I use Apex because of the double tab menu, which Nova didn't have at the time (a while back). Not sure if Nova has added that since then though.


----------



## SLaGG3r (Jun 29, 2011)

Double tap to access launcher menu? Yes Nova prime has that .


----------



## iPois0n (Jan 12, 2012)

I like Nova personally.


----------



## Fusi0n (Jul 15, 2012)

Apex runs smoother for me.

Sent from my Galaxy Nexus using Tapatalk 2


----------



## brkshr (Jun 16, 2011)

Nova seems to be smoother for me & I like that I can group my games in the app drawer. Apex doesn't allow for groups in the app drawer like that.


----------



## Goose306 (Sep 12, 2011)

brkshr said:


> Nova seems to be smoother for me & I like that I can group my games in the app drawer. Apex doesn't allow for groups in the app drawer like that.


Ah but Apex does allow customizable tabs in the app drawer - I use it on the Nexus 7 and my girlfriend has a tab and I have a tab of the no-touchies so she doesn't break something with the root apps lol.

This is on the beta version ^ don't know if its yet incorporated to normal market version.

TBH, for the most part, its tomato / t'ohmahto. You'll get lots of opinions but the vast majority of features/functions are extremely similar.
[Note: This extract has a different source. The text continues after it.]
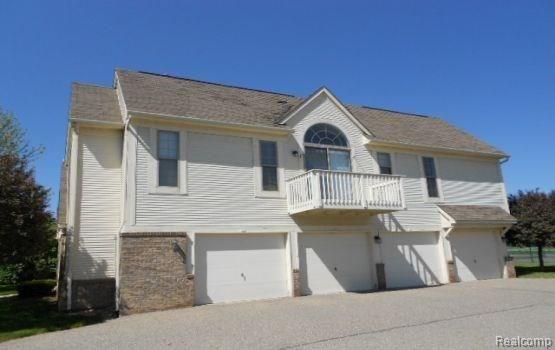 front view picture of 204 Maplewood Ct, South Lyon, MI. 48178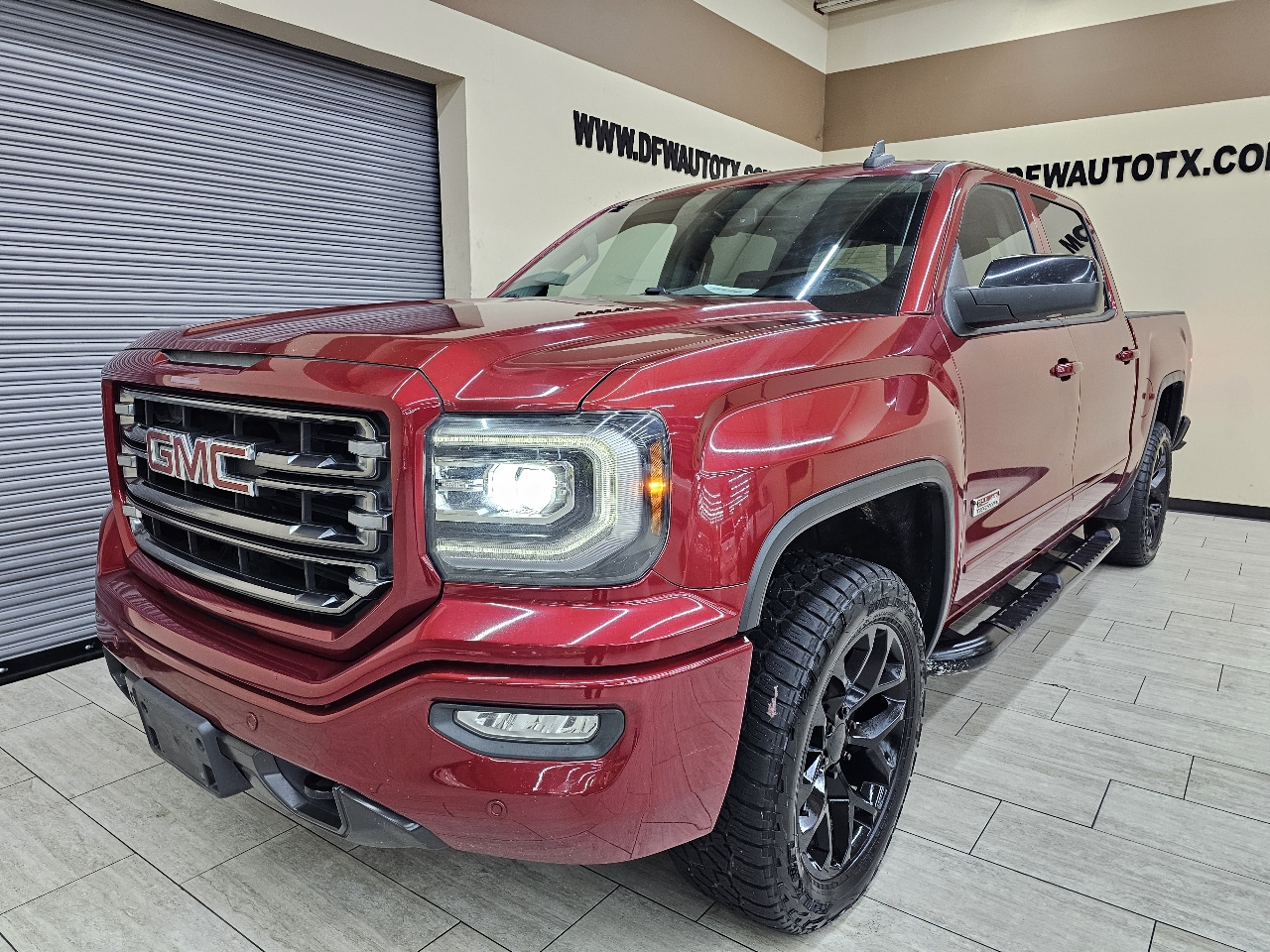 GMC Sierra 1500 SLT Crew Cab Short Box 4WD 2018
Wayyy back when it seemed like Apex was known to be a bit lighter and faster, but they are about equivalent now. Each one has one or two little features that the other doesn't, but it will have in the next update







Seems like they're just code-swapping lol. Its like a du-opoly for AOSP-based launchers.

IMO, for what its worth, I find Apex more responsive/speedier but Nova smoother. *shrugs* no idea why, just personal experience.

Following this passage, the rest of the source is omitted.